Thursday, April 15, 2010

Baby-Making. Writing. Is there a difference, really?

Image by Anne Geddes. Emasculates the shit out of me, but it fits, eh.

So this is the morning of conception!

Yes! You read that right. I just conceived. Not a baby -- I'm a dude -- but a story, a novel, a concept I've been working on for a while but just this morning decided to formalize with its own folder. I now I have a file called The_Gladiators_Son.doc and a short concept scene.

And it got me to thinking: Isn't this a lot like sex and baby-making?

See, when you're making babies, there's this run-up where it's something you and your girl talk about, but not something you're actively engaged in on a for-realses basis. You might practice -- hopefully often -- but it's not for keeps, is it.

Sorta like blogging. Safe-writing, hope you're wearing protection.

Then one day, you decide you're gonna start swinging for the fence. That's the fun part. In writing, it'd be the pre-writing phase, where you dream about your story, maybe hash out a character or two in your thoughts. It's fun. It's giddy. You see scenes hodgepodged and smudged and kludged together. You share your Pulitzer and Oscar with your friends and family and thank your dear wife for being so supportive, and then you climb into your limo and head back to the mansion for some baby-making in one of your hot tubs.

It's wonderful!

So's that part of makin dem babies, eh.

But then it actually ~happens~. I mean, your girl takes a pee test, sees two pink lines, that plus sign, or if you're writing, it's that saved first draft with nothing more than a title, a couple of chapter headings, and some vague idea of whether it's going to be first person, third person, or in this case, God help us all, a fraternal twinning of first and third person scenes that hopefully won't be grotesquely joined at the head.

Then the work begins. Funtime's over, folks, pull up your pants and get cracking.

It's time to cut back on spending, think about baby cribs and which room you're going to paint, and oh God what are we gonna do with the carpets?

How many chapters? How many words? What's my target audience? My genre, if there is one, and by goddengolly there'd better be a genre for this baby, because it's a-coming out feet first and sideways if it has to!

Tone. Theme. Plot. Setting. Location. Winter or summer? Where are we? In the US? Planet Earth? Texas? Dallas? What're the timeline and daily-weekly goals?

You give it a name, a working title, and later on, when you see its face and spank its bottom, you'll know what to truly call it.
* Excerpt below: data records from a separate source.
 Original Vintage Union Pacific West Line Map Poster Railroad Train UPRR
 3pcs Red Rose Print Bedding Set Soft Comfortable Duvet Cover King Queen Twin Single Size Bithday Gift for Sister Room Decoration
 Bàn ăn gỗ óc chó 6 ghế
After nine months -- and funny how that gestation period applies so well to both literary and biological birthings -- you have this little critter, infantile, immature, helpless and beautiful even though you know damned well it looks pretty hideous, covered in afterbirth and wrinkled with pink-red swollen face.

It's up to you as parent, as writer, to clean up the shit, suck out the snot, wipe it and bathe it and tenderize it until that tiny concept, that pairing of single cells, that paragraph, that idea and dream and wishful thinking, is finally ready to pack up and send out into the world.
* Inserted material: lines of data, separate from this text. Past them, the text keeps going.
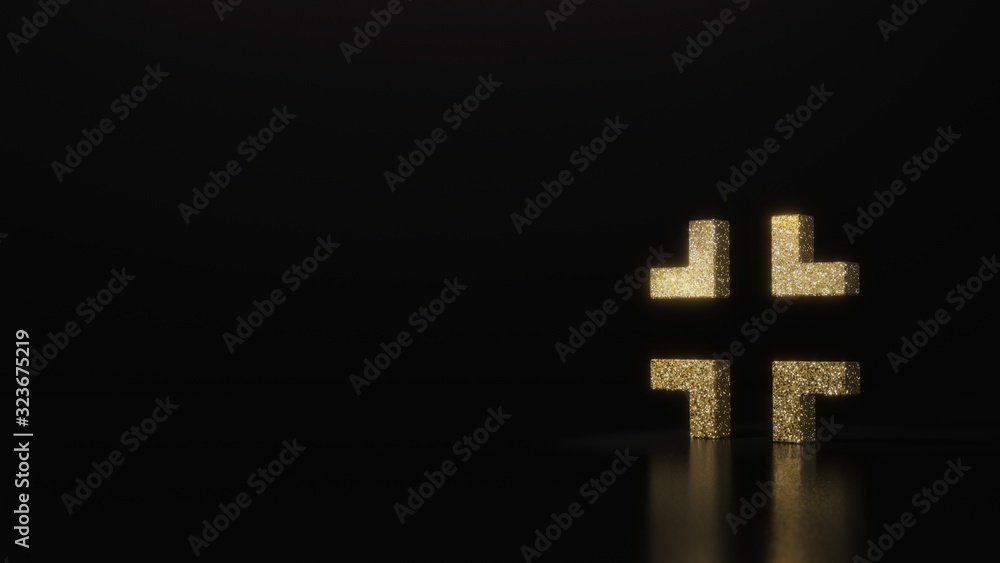 Poster science glitter gold glitter symbol of exit 3D rendering on dark black background with blurred reflection with sparkles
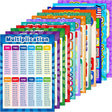 12 Pieces Educational Math Posters for Kids with 120 Glue Point Dot for Elementary and Middle School Classroom Teach Multiplication Division Addition Subtraction Fractions Numbers, 16 x 11 Inch.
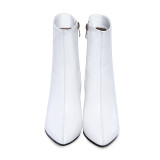 Arden Furtado fashion women's shoes in winter 2019 women's boots pointed toe pure color white chunky heels zipper short boots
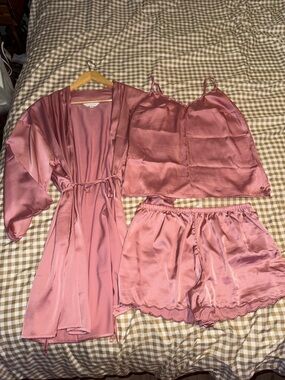 Satin 3-Piece Sleep Set - Dusty Rose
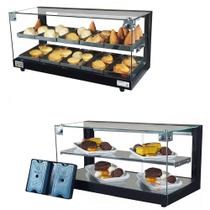 Combo BD10 Estufa Beta Dupla 10 Bandejas Preta e B-VFD77 Vitrine Fria Beta 77cm Preta - 220V - Omega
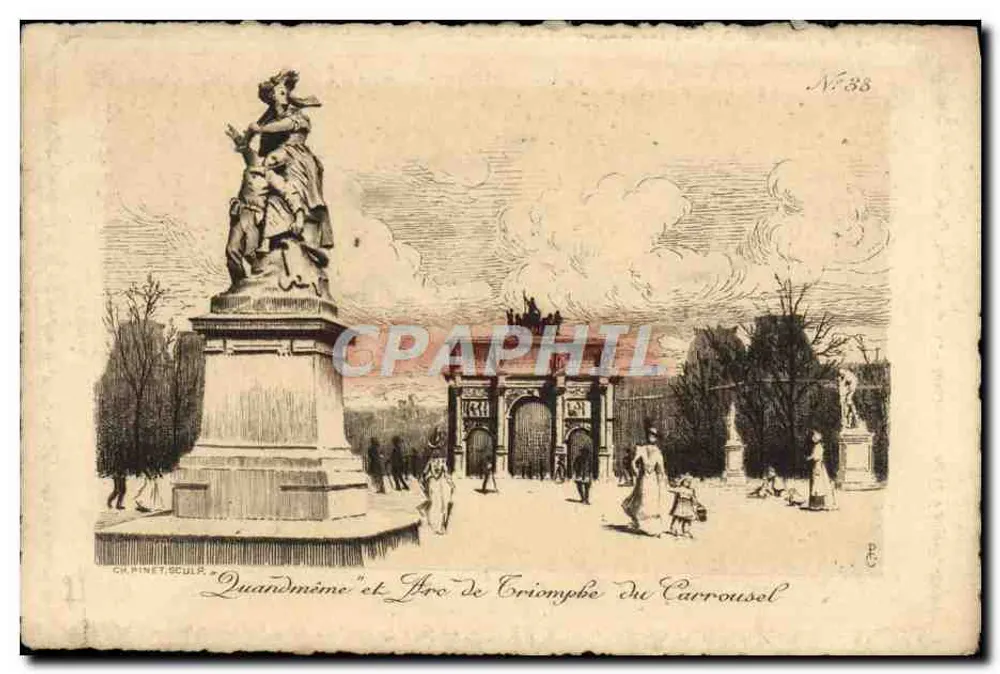 Estátua da Quadrilha e Arco do Triunfo do Carrousel — Ch. Pinet, N°88 - Frente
Then all you can do is wave goodbye, flaws and all, hope for the best, and decide if it's worth having another.

- Eric

6 comments:

Jessica Bell said...

LOL. Looks like we have the same thought processes Eric :) Glad you stopped by my blog!Check out my post on this kinda thing.
http://thealliterativeallomorph.blogspot.com/2010/03/do-do-do-dont-wait.html

Eric W. Trant said...

Yep! For sure we have the same thought patterns here.

- Eric

Theresa Milstein said...

"Then the work begins. Funtime's over, folks, pull up your pants and get cracking."

This post - what an analogy!

dolorah said...

Oh I like this analogy. Feels so right.

.........dhole

Andrew Rosenberg said...

Don't forget to slap that baby.
And are you going to breast or bottle feed?

Congrats! I'm going to smoke a cigar.
What plotting method are you using? Or are you going to *gasp* pants it?

Eric W. Trant said...

Theresa: Thanks. I thought that was a funny way to put it, too.

Donna: Feels so right, eh, but it's from a dude! Kinda feels like Arnold in that movie where he was having a baby, dang, what was that called?

Andrew: Right now I'm writing out test scenes. I don't "pants-it" as much as I claim. I plot in the beginning, but it involves creating characters and circumstances and story questions. It's a rough, rough plot, usually nothing more than a beginning, a middle, and an end, with a key character or two, and a big event that drives the story forward.

Then, once I start writing, it's all in the skull. If I write it down and stare at it the magic is lost. I need the ability to re-plot quickly during the writing phase. Often I'll get through a couple of chapters, nuke em, and re-write because the plot just changed.

Sorta like cross-country running. I have a vague idea that I want to get from here to there, but no clear path along the way, and I may backtrack when I hit dead-ends.